■ EXERCISE DETAILS ■
Look through the entries for the string "Oversized", and copy each line that holds it.

■ RECORD EXTRACTS ■

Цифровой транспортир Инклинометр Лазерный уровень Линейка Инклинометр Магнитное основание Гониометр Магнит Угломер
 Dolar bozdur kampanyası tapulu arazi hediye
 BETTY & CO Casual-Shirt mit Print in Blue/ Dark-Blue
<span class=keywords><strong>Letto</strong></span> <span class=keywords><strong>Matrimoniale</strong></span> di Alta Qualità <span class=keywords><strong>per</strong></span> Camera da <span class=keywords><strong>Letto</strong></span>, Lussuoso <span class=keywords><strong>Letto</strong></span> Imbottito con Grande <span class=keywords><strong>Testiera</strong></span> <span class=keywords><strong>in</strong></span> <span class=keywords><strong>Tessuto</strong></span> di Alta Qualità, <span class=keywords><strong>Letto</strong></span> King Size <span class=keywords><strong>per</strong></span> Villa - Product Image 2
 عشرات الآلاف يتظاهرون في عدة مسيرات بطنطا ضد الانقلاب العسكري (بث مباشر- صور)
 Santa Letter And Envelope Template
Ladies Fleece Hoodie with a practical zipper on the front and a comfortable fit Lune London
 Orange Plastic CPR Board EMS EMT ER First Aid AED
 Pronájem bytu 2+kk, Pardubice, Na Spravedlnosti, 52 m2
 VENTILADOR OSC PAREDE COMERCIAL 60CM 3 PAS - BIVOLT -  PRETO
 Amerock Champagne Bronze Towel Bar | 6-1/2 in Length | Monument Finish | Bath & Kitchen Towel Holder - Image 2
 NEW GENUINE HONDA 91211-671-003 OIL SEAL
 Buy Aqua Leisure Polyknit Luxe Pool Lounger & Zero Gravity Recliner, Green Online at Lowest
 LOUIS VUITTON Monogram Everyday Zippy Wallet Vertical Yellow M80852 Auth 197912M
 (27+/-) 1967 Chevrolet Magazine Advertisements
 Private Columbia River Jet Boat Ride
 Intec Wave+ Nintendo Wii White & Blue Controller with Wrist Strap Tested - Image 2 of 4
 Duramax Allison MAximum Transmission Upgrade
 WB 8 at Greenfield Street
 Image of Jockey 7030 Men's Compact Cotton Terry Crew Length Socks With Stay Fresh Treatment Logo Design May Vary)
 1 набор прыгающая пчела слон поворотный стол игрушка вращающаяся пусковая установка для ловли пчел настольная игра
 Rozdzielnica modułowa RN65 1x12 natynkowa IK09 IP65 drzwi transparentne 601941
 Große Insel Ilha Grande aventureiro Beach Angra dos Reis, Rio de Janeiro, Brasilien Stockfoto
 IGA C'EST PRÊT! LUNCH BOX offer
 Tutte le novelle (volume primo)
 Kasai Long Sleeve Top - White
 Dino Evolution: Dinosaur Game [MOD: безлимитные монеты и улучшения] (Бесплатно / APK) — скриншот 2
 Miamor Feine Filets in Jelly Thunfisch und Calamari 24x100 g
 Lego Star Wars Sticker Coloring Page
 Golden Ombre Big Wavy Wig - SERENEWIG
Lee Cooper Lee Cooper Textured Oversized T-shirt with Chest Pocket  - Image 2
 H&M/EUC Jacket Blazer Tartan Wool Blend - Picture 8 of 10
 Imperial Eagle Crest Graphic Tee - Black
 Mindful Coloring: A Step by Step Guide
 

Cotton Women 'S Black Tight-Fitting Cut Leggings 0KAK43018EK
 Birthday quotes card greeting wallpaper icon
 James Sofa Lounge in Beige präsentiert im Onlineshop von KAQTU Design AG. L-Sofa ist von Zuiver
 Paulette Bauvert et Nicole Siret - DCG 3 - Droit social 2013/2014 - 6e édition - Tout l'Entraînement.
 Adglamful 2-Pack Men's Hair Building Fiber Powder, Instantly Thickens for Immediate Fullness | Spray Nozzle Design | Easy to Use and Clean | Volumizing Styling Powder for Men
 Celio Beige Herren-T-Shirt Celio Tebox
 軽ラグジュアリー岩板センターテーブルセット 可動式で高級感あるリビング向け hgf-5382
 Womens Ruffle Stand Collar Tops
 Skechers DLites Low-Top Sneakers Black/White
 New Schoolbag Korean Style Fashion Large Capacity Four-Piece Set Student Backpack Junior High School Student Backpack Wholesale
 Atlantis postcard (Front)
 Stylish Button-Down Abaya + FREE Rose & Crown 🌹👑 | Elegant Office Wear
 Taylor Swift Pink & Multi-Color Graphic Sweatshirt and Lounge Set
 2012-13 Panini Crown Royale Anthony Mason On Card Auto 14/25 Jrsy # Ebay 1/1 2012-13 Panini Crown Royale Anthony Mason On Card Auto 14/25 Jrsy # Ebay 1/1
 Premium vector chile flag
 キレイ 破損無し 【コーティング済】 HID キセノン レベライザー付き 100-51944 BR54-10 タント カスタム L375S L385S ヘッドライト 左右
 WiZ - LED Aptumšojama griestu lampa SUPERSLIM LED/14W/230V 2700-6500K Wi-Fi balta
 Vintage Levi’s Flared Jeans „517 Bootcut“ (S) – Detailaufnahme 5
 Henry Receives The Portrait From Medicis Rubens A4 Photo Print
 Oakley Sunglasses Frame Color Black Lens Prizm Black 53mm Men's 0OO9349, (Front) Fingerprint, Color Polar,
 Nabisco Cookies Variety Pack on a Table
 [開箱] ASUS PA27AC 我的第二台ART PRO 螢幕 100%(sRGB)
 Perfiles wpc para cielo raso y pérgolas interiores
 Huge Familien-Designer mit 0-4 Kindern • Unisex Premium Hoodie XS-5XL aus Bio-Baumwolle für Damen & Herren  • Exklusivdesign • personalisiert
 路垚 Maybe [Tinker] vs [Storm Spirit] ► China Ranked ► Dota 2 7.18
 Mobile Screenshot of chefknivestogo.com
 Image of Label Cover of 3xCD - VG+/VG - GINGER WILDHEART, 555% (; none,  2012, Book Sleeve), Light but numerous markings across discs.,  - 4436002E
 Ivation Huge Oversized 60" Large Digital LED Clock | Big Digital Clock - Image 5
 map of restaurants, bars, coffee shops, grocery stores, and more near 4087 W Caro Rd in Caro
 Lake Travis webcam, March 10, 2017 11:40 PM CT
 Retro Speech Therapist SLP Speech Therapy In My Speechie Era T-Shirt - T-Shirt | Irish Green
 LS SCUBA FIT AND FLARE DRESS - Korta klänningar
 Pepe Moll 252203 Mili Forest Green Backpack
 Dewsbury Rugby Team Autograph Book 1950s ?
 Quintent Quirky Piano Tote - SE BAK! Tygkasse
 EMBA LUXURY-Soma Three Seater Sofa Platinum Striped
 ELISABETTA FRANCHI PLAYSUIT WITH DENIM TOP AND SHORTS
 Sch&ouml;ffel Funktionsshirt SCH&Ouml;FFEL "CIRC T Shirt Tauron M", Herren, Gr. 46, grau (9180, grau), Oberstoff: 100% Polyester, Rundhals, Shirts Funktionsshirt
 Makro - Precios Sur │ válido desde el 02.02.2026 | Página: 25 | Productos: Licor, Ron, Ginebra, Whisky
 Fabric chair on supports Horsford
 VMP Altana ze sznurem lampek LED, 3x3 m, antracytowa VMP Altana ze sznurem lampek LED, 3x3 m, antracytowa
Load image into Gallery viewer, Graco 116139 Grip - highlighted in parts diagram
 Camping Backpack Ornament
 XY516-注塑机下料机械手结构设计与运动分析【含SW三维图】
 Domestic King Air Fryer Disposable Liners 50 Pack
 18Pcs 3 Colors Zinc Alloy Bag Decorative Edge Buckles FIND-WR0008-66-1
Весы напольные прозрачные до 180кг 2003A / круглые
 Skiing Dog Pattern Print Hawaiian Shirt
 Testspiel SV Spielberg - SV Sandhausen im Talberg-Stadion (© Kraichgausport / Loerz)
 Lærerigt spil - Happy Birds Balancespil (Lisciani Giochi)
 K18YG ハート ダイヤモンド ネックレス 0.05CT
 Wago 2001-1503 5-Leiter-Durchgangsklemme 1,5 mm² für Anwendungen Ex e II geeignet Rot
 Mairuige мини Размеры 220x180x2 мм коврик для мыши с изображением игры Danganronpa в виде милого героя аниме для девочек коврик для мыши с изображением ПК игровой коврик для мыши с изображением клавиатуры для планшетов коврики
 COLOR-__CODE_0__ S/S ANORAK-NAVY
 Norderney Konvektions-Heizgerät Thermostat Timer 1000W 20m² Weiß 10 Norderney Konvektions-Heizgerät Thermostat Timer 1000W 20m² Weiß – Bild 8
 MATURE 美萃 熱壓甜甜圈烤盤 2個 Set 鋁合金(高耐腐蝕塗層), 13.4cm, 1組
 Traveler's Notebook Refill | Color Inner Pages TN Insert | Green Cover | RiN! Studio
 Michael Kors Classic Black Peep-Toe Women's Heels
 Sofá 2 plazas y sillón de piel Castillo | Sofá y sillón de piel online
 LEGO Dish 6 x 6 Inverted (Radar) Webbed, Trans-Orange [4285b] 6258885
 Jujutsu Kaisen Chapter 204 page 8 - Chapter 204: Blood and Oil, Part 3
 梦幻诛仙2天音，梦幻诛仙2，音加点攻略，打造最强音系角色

■ SOLVED PROBLEM ■
Lee Cooper Lee Cooper Textured Oversized T-shirt with Chest Pocket  - Image 2
 Ivation Huge Oversized 60" Large Digital LED Clock | Big Digital Clock - Image 5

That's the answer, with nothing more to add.